Photographs from my early travels
A photo essay of me travelling in Asia
I started travelling long before Breathedreamgo was launched, long before I went to India in 2005 and long before digital cameras were invented. Recently, I dug out my old photo albums and scanned a bunch of photographs of me travelling around the world — to Asia, Europe, Central America and Australia. So, for a lark, here I am in in Tokyo, Japan and Bangkok and Koh Samui, Thailand in the 1990s.
In 1992, I moved with my then-boyfriend to Tokyo, Japan. He was working in the film business (for a cinema company), and I was a full-time tourist. I spent my days in Tokyo learning how to shop in the Daimuru supermarket — I had to take lessons, I kid you not — and how to negotiate the bus-and-train system. I bought a book written by an expat in Tokyo called You can’t there from here to give you an idea how complex it is. The highlight of my year in Japan was taking the bullet train to Kyoto, the Paris of the East, by myself during Himani (Cherry Blossom Festival) and staying at a 300-year-old ryokan (traditional Japanese inn) and sleeping on the matted ground.
While we were in Japan, we travelled to Australia and Hong Kong for business and Thailand for pleasure. It was a few months after an uprising, and tourism was way down. We stayed at the world’s top-rated hotel at the time, The Oriental in Bangkok; and flew down to Koh Samui and stayed in a perfect Thai-style bungalow on the beach. At that time, it was the best vacation of my life.
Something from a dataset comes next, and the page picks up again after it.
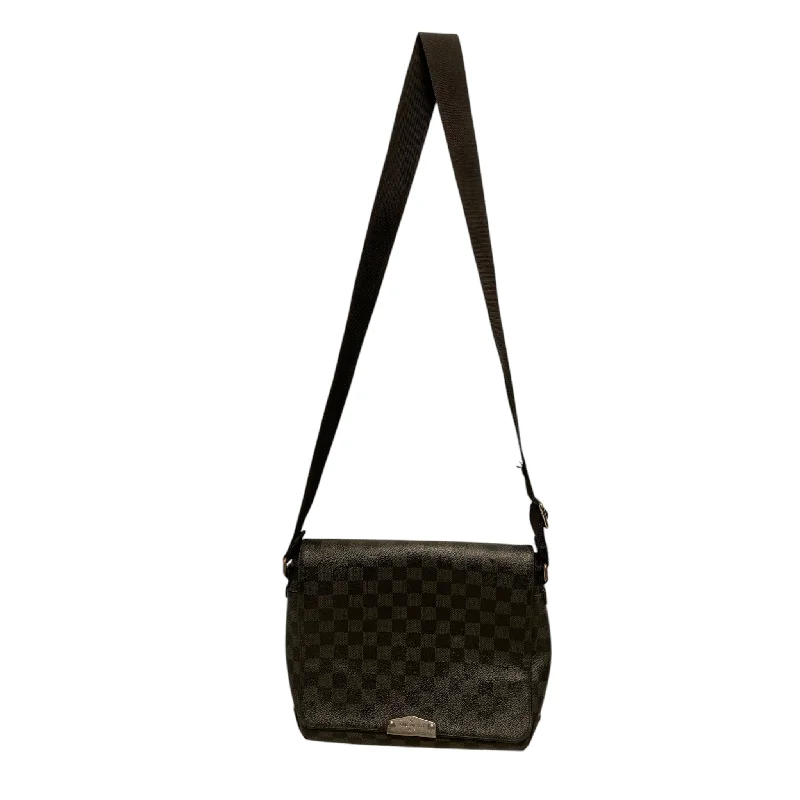 LOUIS VUITTON/Cross Body Bag/OS/Monogram/Leather/BLK/Messenger Bag Sleek Men's Contemporary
In the top picture, above, I am celebrating after finding an out-of-the way restaurant in Bangkok listed in my guidebook. Below, a rainy day in paradise.
One of my favourite places in Japan, aside from Kyoto, was a small, traditional seaside town we visited called Shimoda. The traditional Japan of legend lives on in this town, where you could still see people walking in the streets in print-block robes and wooden shoes after bathing in natural hot springs; and sipping tea and sake in small cafes like the one pictured below. I will never forget the seafood nor the gardens filled with hydrangeas. There is a a historical park in Shimoda dedicated to the “opening of Japan” and featuring a bust of Jimmy Carter. They love Jimmy Carter in Japan. George Bush Sr. not so much. (I was in Japan was he threw up on the prime minister.)